### Work to be completed
I'd like the entries reproduced exactly, with the images omitted.

### The input
● ● ● ● ● ● ●

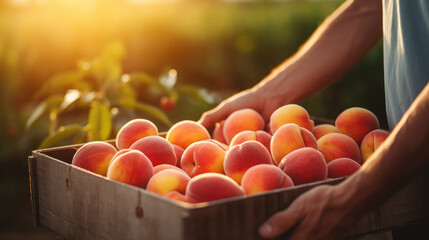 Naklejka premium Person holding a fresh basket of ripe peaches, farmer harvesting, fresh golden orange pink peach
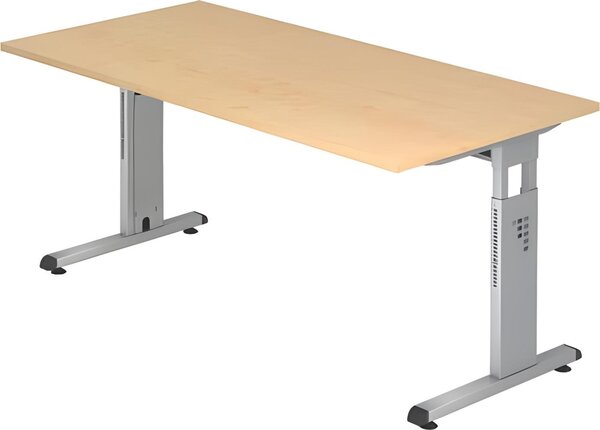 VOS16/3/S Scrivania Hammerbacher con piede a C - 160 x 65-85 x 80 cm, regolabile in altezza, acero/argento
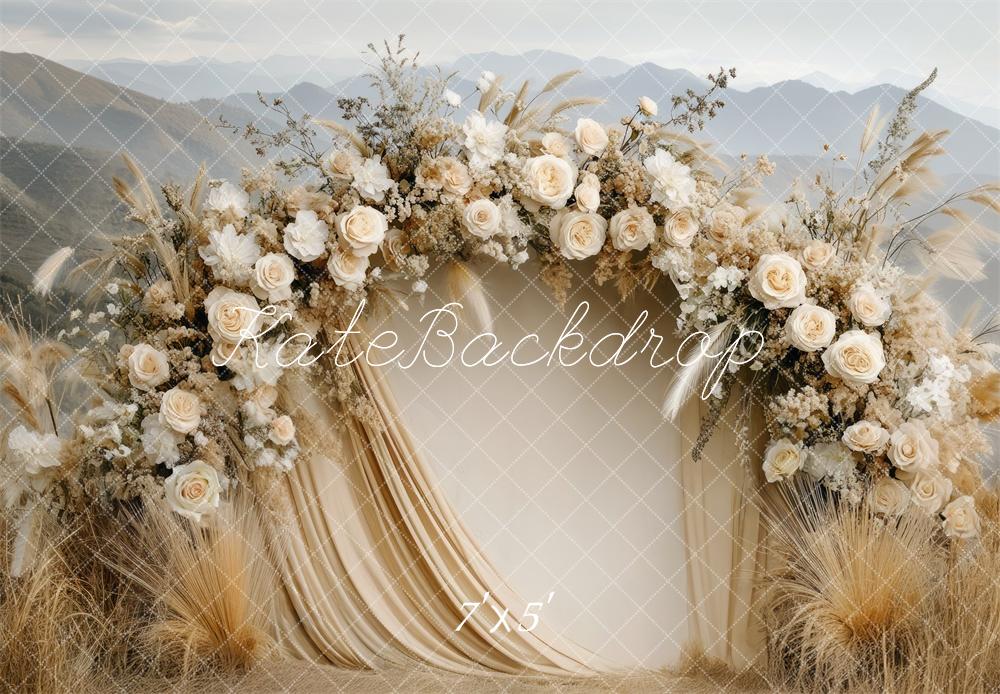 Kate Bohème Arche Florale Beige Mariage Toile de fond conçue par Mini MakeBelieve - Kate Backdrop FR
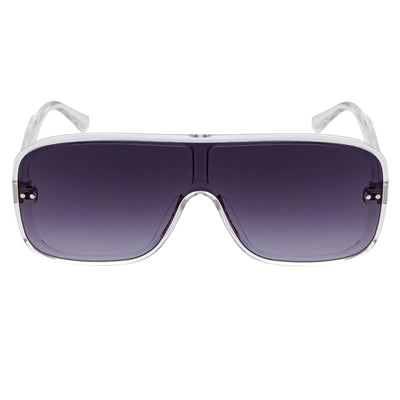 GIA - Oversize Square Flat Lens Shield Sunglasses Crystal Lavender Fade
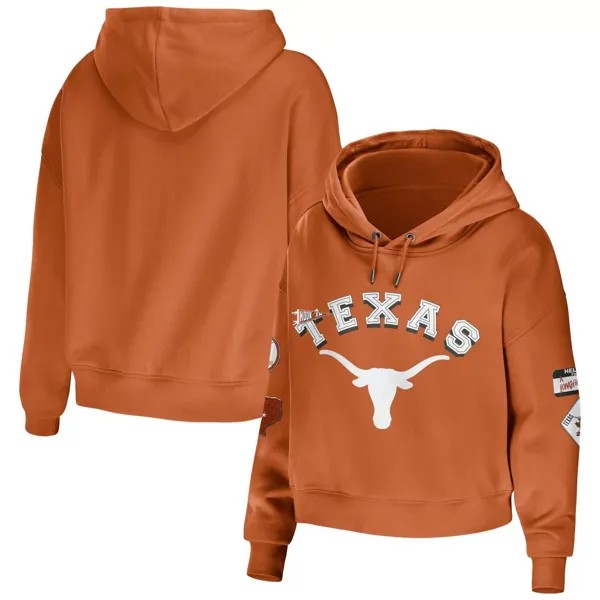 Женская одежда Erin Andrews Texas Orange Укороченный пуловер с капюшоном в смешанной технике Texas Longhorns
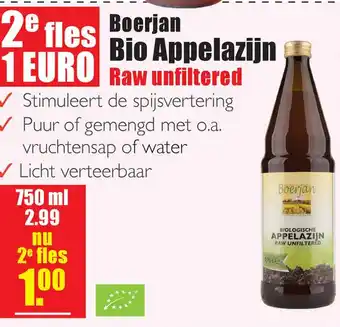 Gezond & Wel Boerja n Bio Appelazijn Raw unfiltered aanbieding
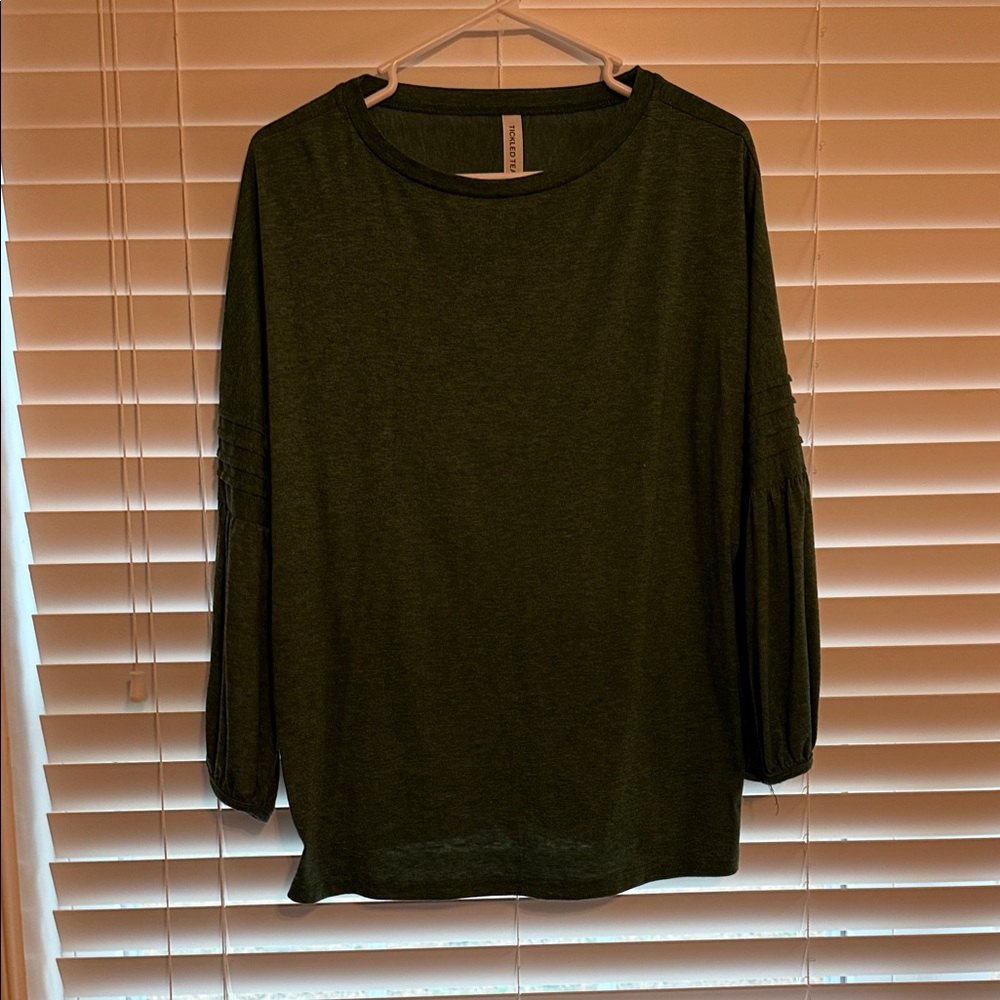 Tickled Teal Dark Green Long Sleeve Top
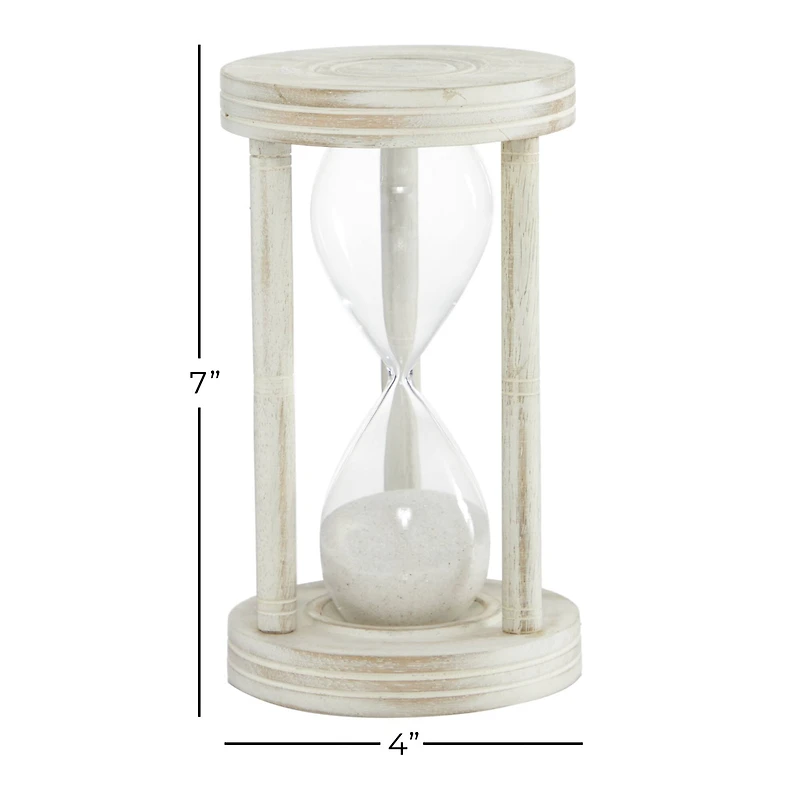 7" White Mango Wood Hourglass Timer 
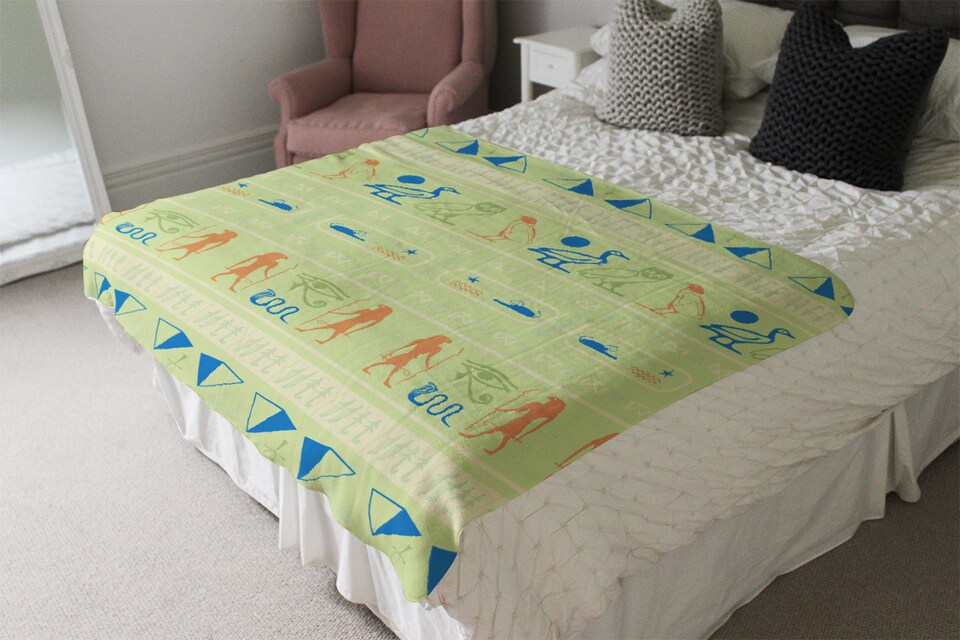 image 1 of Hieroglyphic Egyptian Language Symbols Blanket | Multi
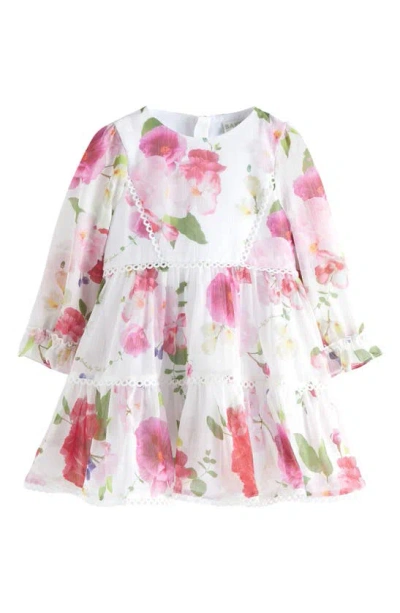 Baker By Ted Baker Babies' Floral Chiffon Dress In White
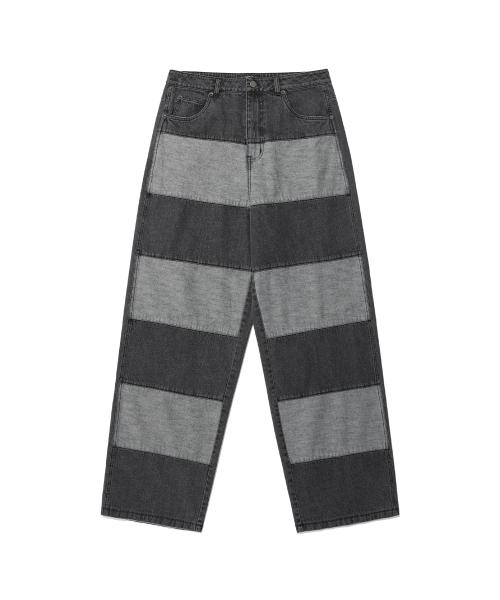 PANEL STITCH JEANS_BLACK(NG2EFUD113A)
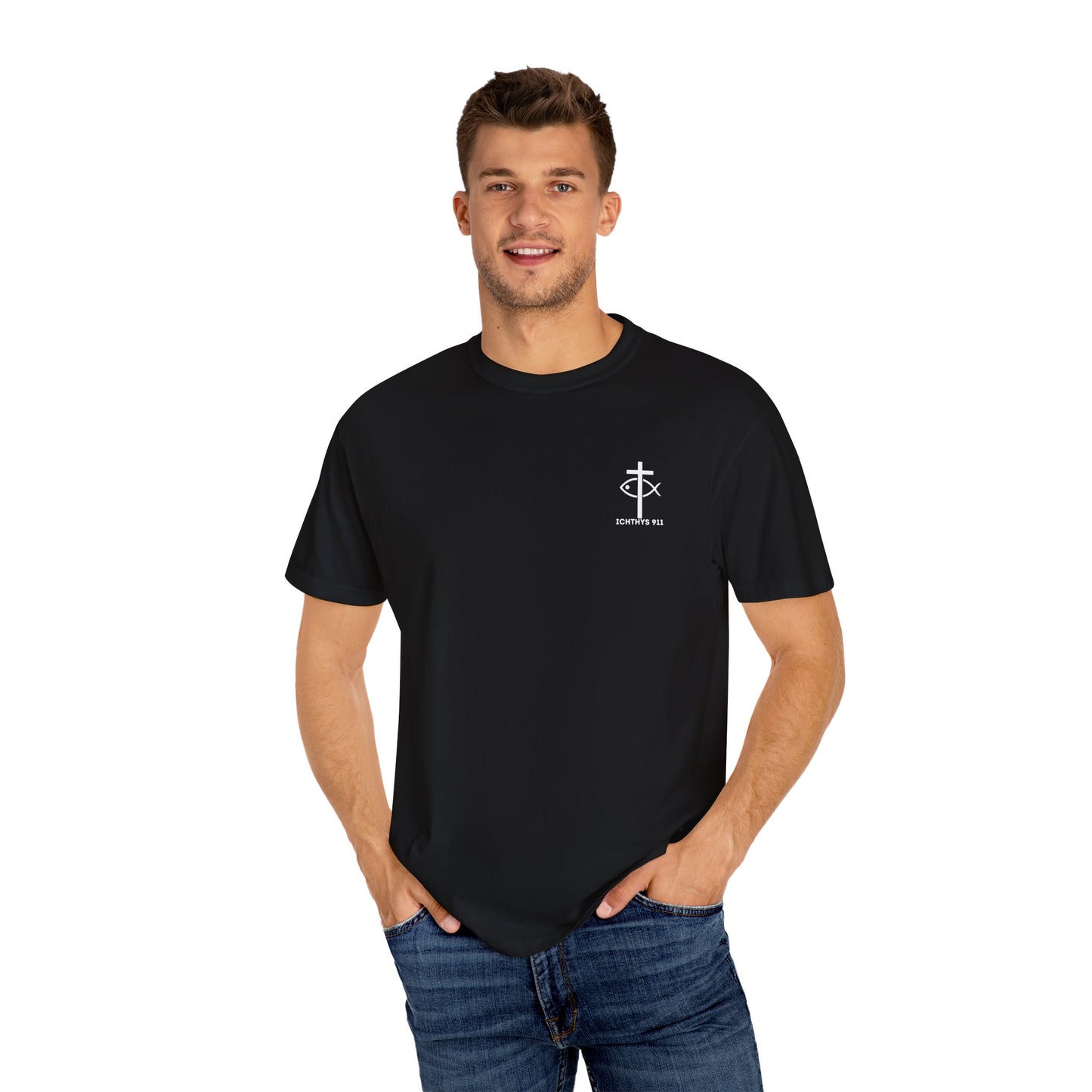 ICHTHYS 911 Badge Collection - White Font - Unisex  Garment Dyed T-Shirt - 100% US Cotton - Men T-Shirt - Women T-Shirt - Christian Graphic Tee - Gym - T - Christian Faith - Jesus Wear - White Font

● ● ● ● ● ● ●

### Written reply
 Naklejka premium Person holding a fresh basket of ripe peaches, farmer harvesting, fresh golden orange pink peach
 VOS16/3/S Scrivania Hammerbacher con piede a C - 160 x 65-85 x 80 cm, regolabile in altezza, acero/argento
 Kate Bohème Arche Florale Beige Mariage Toile de fond conçue par Mini MakeBelieve - Kate Backdrop FR
 GIA - Oversize Square Flat Lens Shield Sunglasses Crystal Lavender Fade
 Женская одежда Erin Andrews Texas Orange Укороченный пуловер с капюшоном в смешанной технике Texas Longhorns
 Gezond & Wel Boerja n Bio Appelazijn Raw unfiltered aanbieding
 Tickled Teal Dark Green Long Sleeve Top
 7" White Mango Wood Hourglass Timer 
 image 1 of Hieroglyphic Egyptian Language Symbols Blanket | Multi
 Baker By Ted Baker Babies' Floral Chiffon Dress In White
 PANEL STITCH JEANS_BLACK(NG2EFUD113A)
 ICHTHYS 911 Badge Collection - White Font - Unisex  Garment Dyed T-Shirt - 100% US Cotton - Men T-Shirt - Women T-Shirt - Christian Graphic Tee - Gym - T - Christian Faith - Jesus Wear - White Font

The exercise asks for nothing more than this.